Activity ▸ Exactly as they appear, copy the lines from the one holding "2 slaapkamers, een" through the end of the records, leaving pictures out.

Recorded data ▸
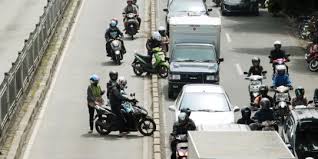 So, santai saja karena se.amatir.men akan menjawabnya. Sterilisasi Jalur Transj Di Buncit Juga Hangat Hangat Tahi Ayam Merdeka Com
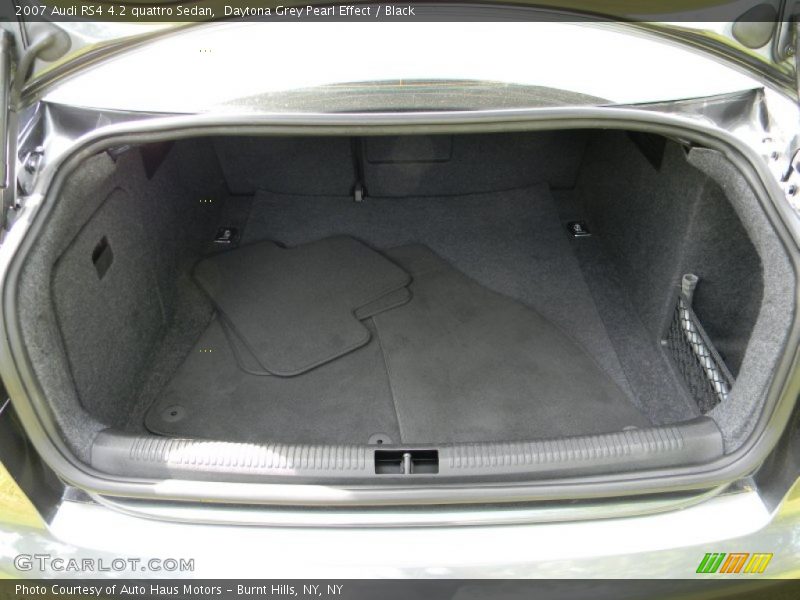 Daytona Grey Pearl Effect / Black 2007 Audi RS4 4.2 quattro Sedan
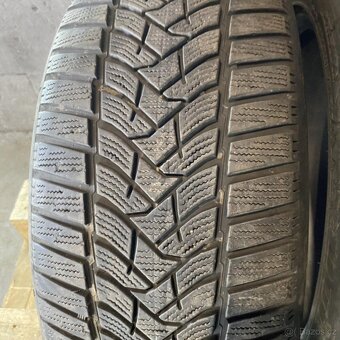 Zimní pneu 225/55 R18 102H Dunlop 5mm - 2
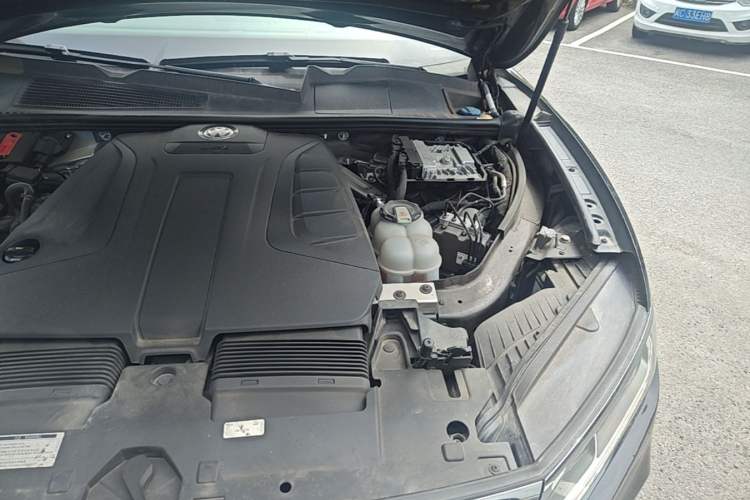 Used Volkswagen Touareg 2019 2.0 TSI Ruiyi Edition China V Standard Engine Bay Left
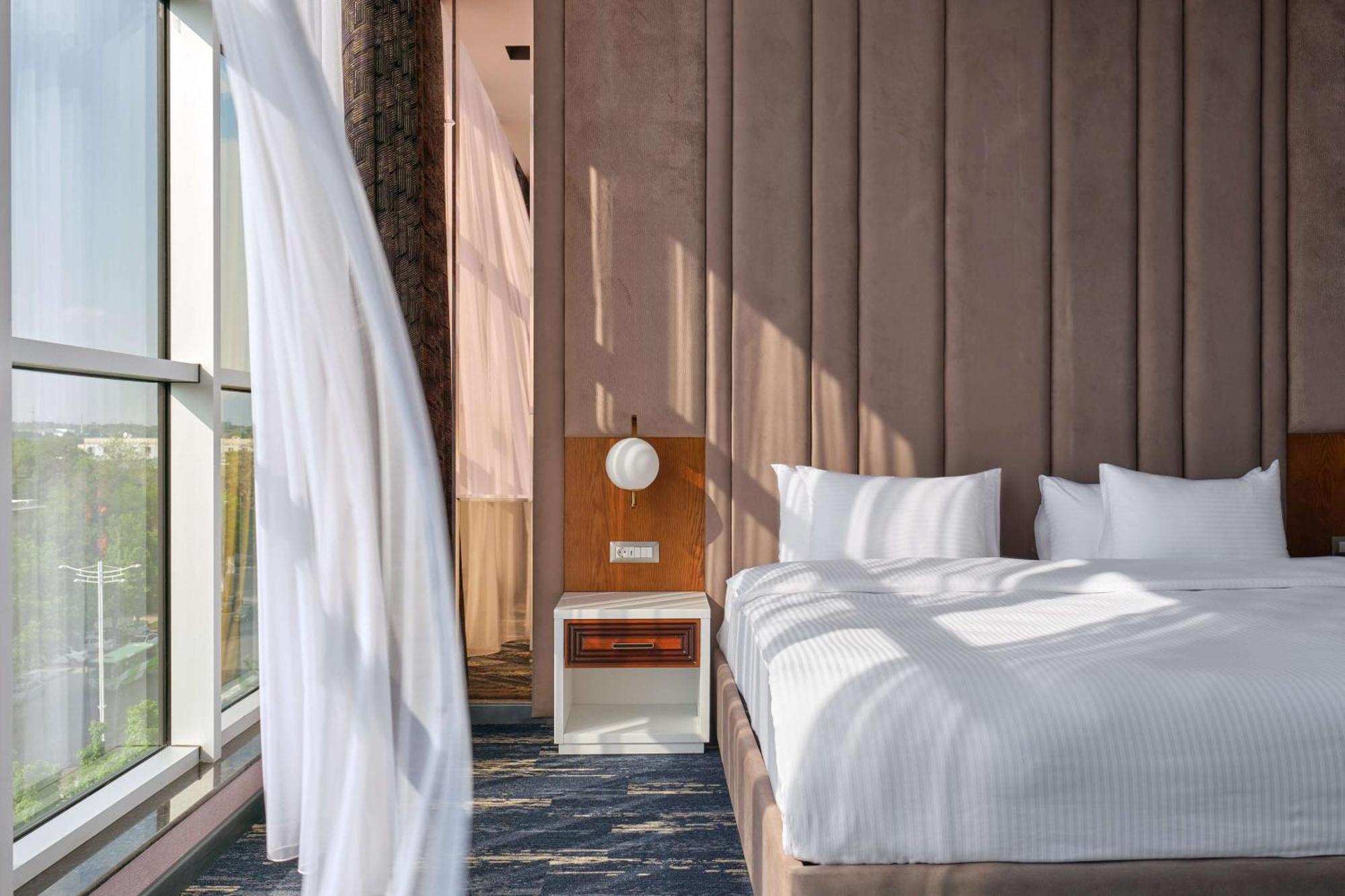 Panarams Tashkent Hotel, A Member Of Radisson Individuals Exterior foto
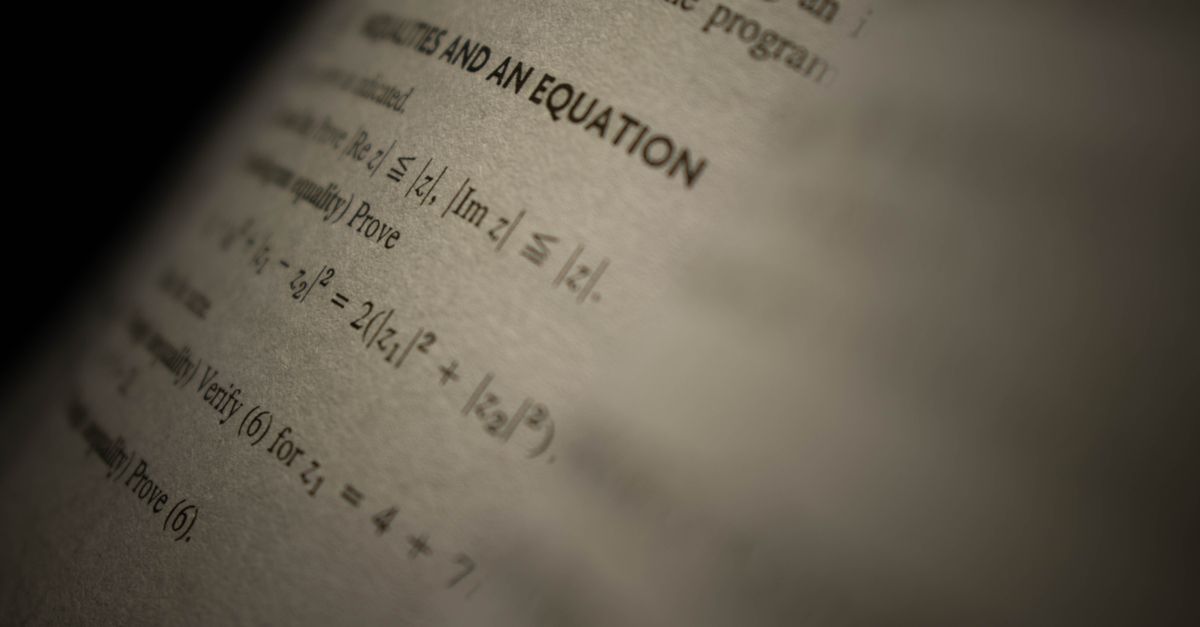 El impacto de la matemática pura en la criptografía y más allá El impacto de la matemática pura en la criptografía y más allá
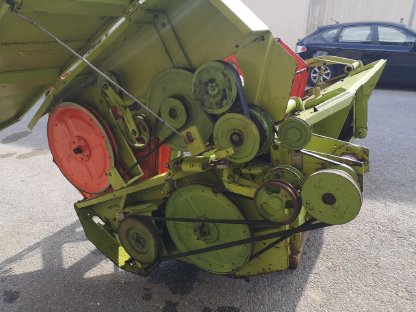 Bild 3:Claas Schneidwerk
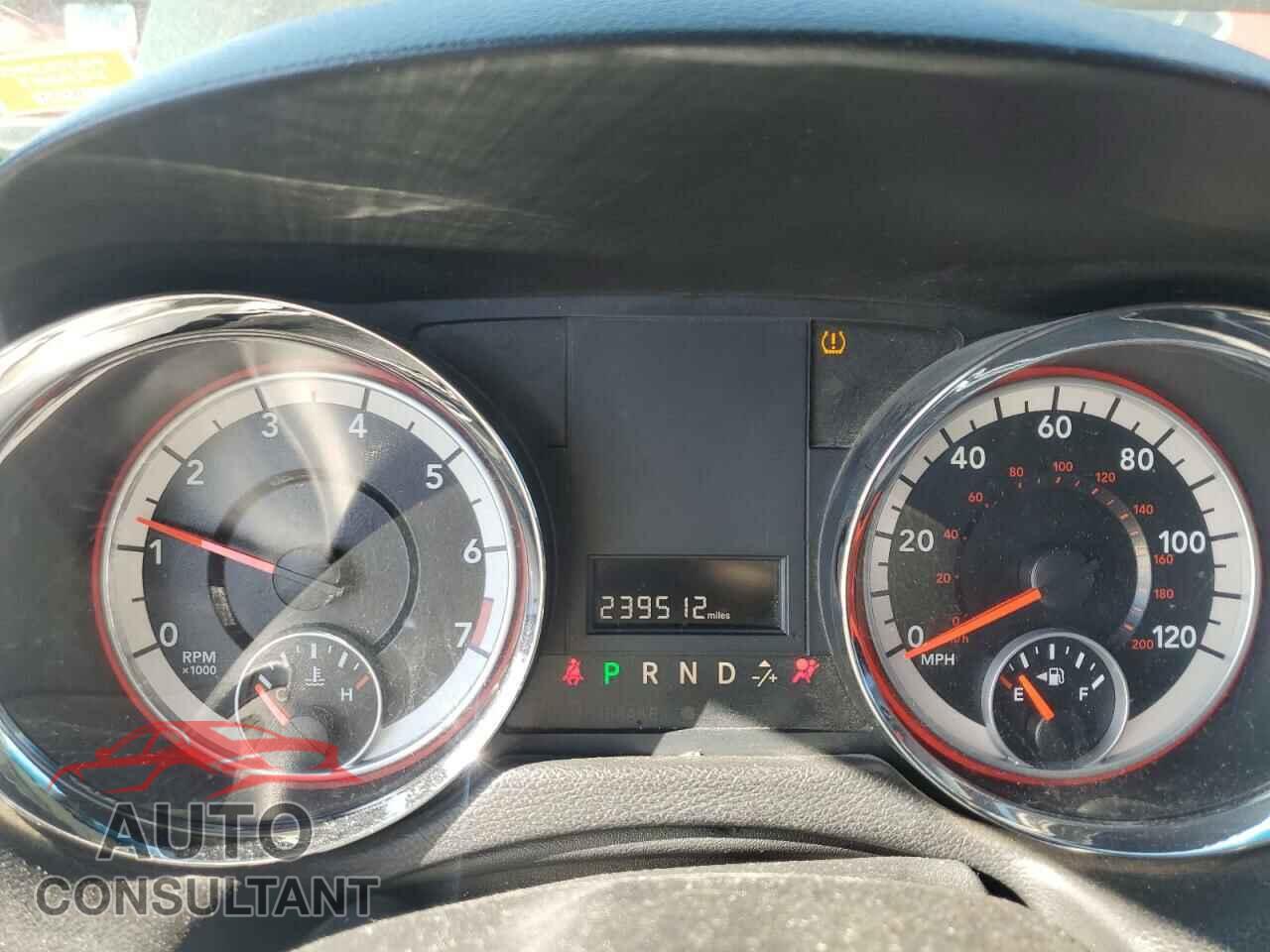 DODGE CARAVAN 2013 - 2C4RDGBG7DR567137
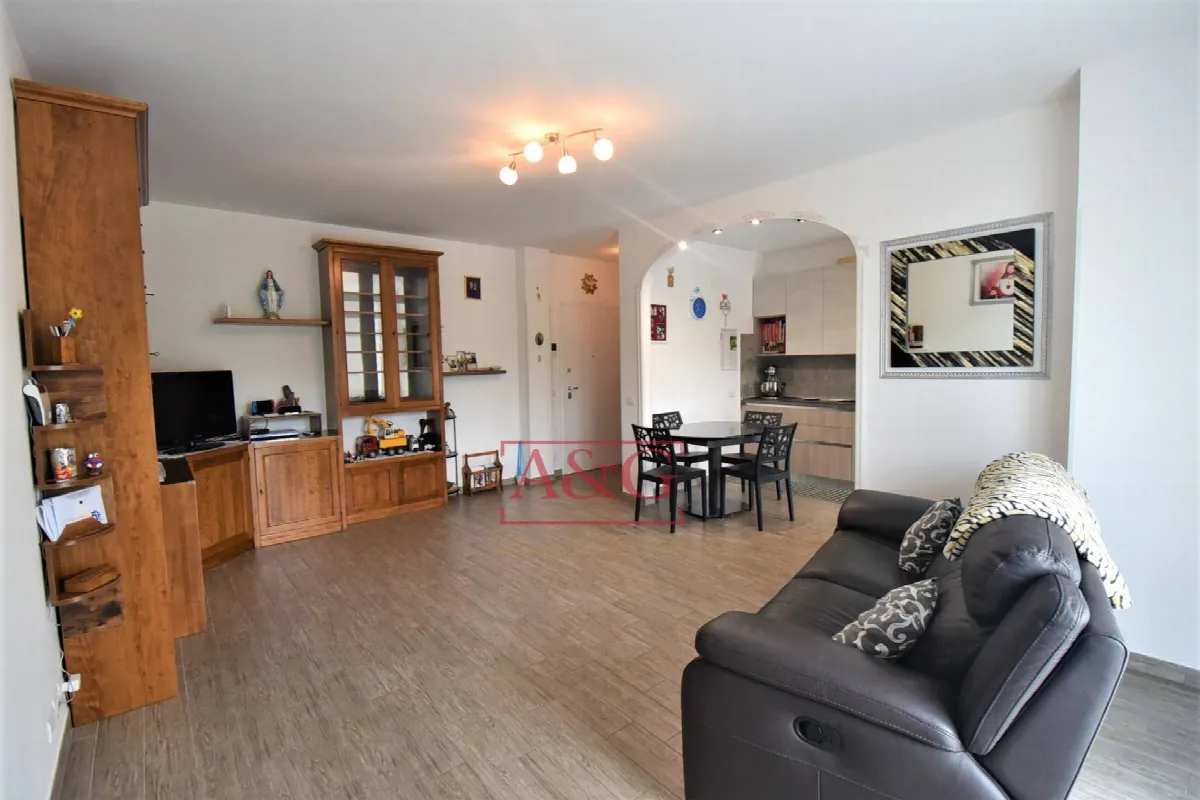 Appartamento in vendita a Comunanza, Semicentro - foto 1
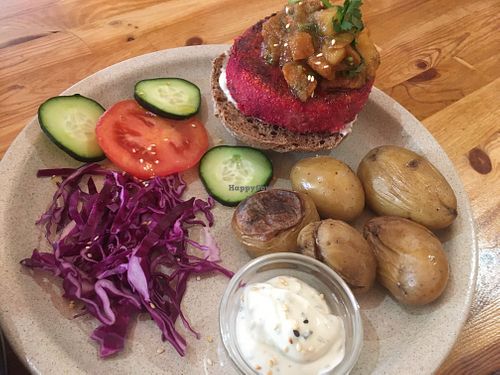 Bean burger with chutney at Princesa do Castelo in Lisbon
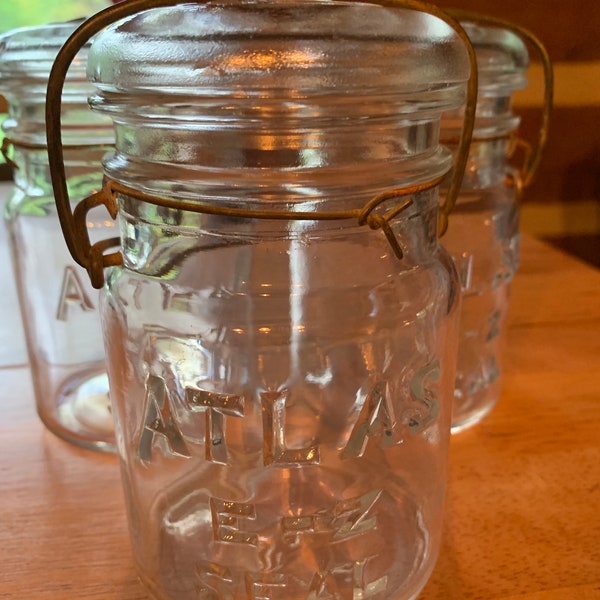 Atlas E-Z Seal Clear Pint Mason Jar with wire closure. Total=3.              Lot 8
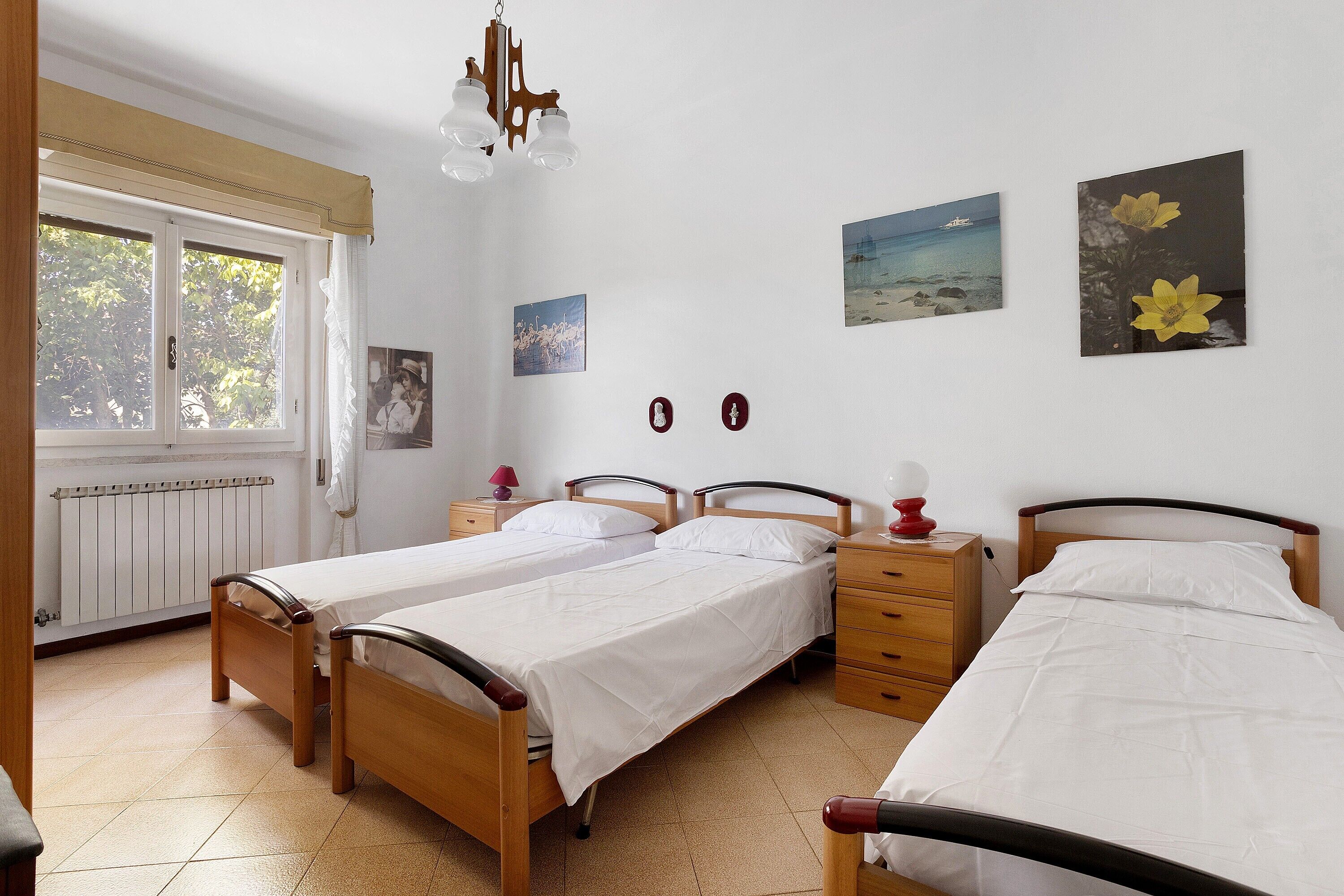 2 slaapkamers, een strijkplank/strijkijzer, beddengoed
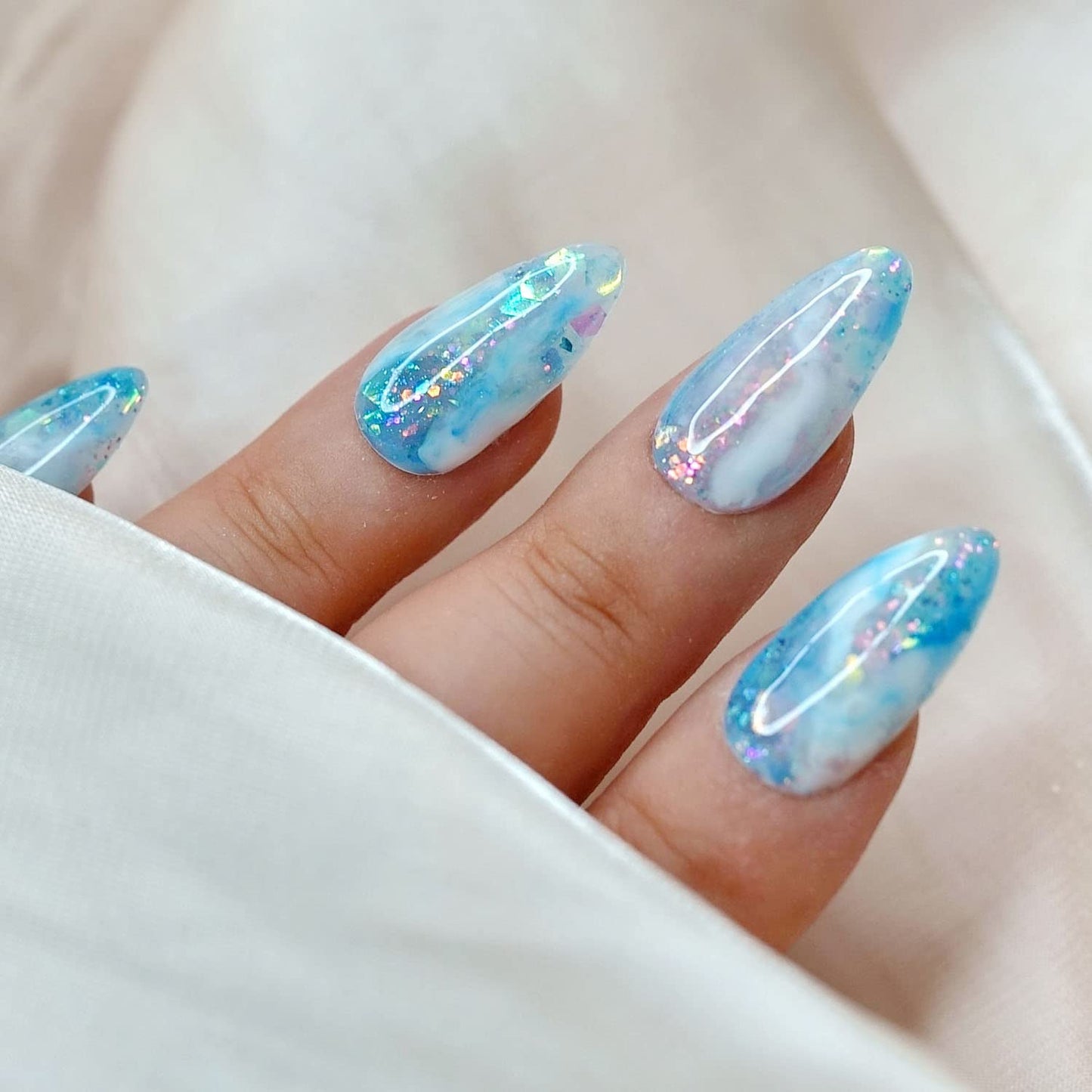 10 Pcs Handmade Press on Nails (Small, Blue And White Liquid Opal Geode/Almond) A041S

Solution to this problem ▸
 2 slaapkamers, een strijkplank/strijkijzer, beddengoed
 10 Pcs Handmade Press on Nails (Small, Blue And White Liquid Opal Geode/Almond) A041S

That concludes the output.